*** Opening Source material ***
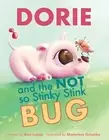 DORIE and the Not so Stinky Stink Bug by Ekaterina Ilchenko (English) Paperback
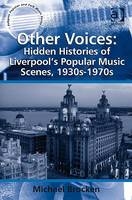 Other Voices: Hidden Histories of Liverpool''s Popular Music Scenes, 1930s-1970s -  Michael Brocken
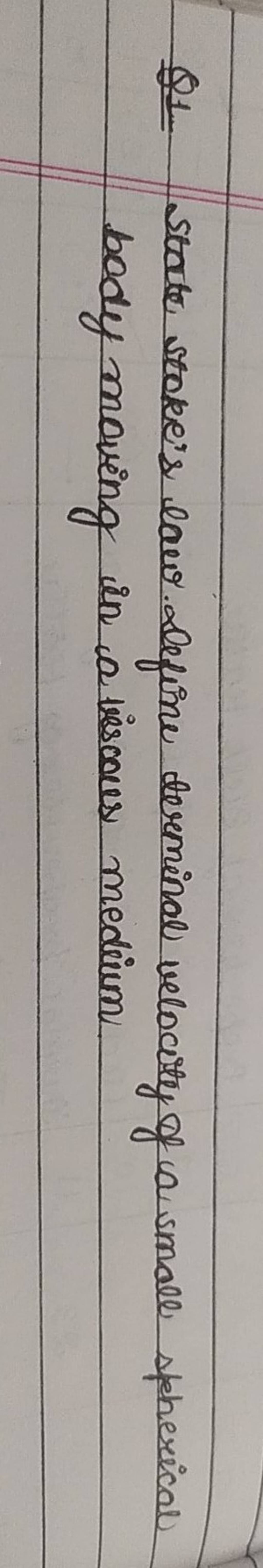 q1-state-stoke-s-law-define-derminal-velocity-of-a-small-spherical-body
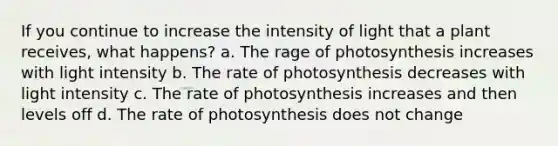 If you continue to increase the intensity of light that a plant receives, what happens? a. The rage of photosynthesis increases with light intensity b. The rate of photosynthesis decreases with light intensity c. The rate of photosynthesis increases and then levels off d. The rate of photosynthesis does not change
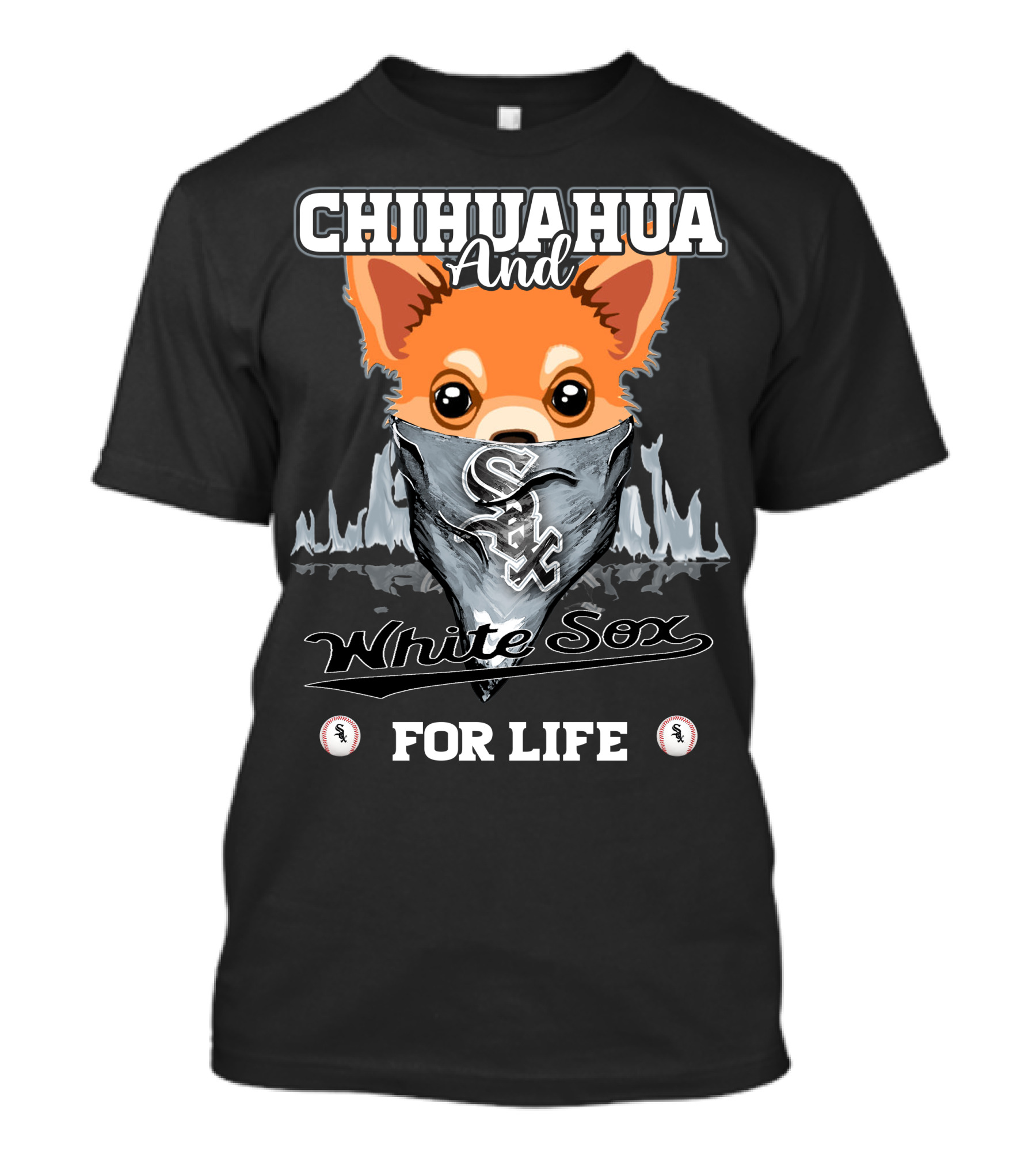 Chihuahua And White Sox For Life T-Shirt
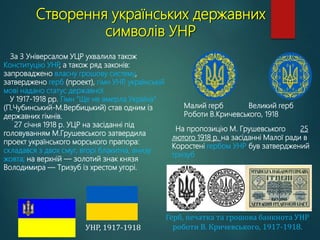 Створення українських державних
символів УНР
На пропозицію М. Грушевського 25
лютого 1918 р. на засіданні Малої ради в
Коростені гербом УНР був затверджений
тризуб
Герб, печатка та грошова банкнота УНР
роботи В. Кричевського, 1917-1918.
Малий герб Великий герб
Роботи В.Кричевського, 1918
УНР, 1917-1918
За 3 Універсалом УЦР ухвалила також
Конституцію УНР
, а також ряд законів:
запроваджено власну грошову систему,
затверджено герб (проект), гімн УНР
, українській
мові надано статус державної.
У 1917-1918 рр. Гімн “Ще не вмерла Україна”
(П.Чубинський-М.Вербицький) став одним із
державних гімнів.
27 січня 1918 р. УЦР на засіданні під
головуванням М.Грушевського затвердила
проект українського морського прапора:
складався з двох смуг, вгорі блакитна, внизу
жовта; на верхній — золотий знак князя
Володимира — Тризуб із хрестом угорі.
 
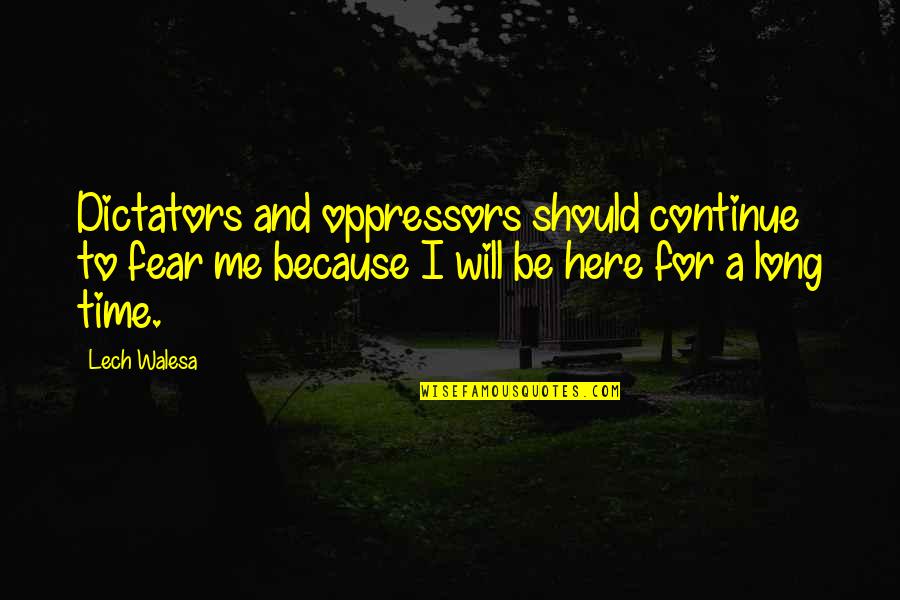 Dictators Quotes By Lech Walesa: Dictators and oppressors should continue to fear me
*** Closing Source material ***
■ **Task objective**
Working down from the line with "символів УНР", copy each line exactly until the last line of the entries, which is also included. Omit the pictures.

■ **Answer space**
символів УНР
На пропозицію М. Грушевського 25
лютого 1918 р. на засіданні Малої ради в
Коростені гербом УНР був затверджений
тризуб
Герб, печатка та грошова банкнота УНР
роботи В. Кричевського, 1917-1918.
Малий герб Великий герб
Роботи В.Кричевського, 1918
УНР, 1917-1918
За 3 Універсалом УЦР ухвалила також
Конституцію УНР
, а також ряд законів:
запроваджено власну грошову систему,
затверджено герб (проект), гімн УНР
, українській
мові надано статус державної.
У 1917-1918 рр. Гімн “Ще не вмерла Україна”
(П.Чубинський-М.Вербицький) став одним із
державних гімнів.
27 січня 1918 р. УЦР на засіданні під
головуванням М.Грушевського затвердила
проект українського морського прапора:
складався з двох смуг, вгорі блакитна, внизу
жовта; на верхній — золотий знак князя
Володимира — Тризуб із хрестом угорі.
 
 Dictators Quotes By Lech Walesa: Dictators and oppressors should continue to fear me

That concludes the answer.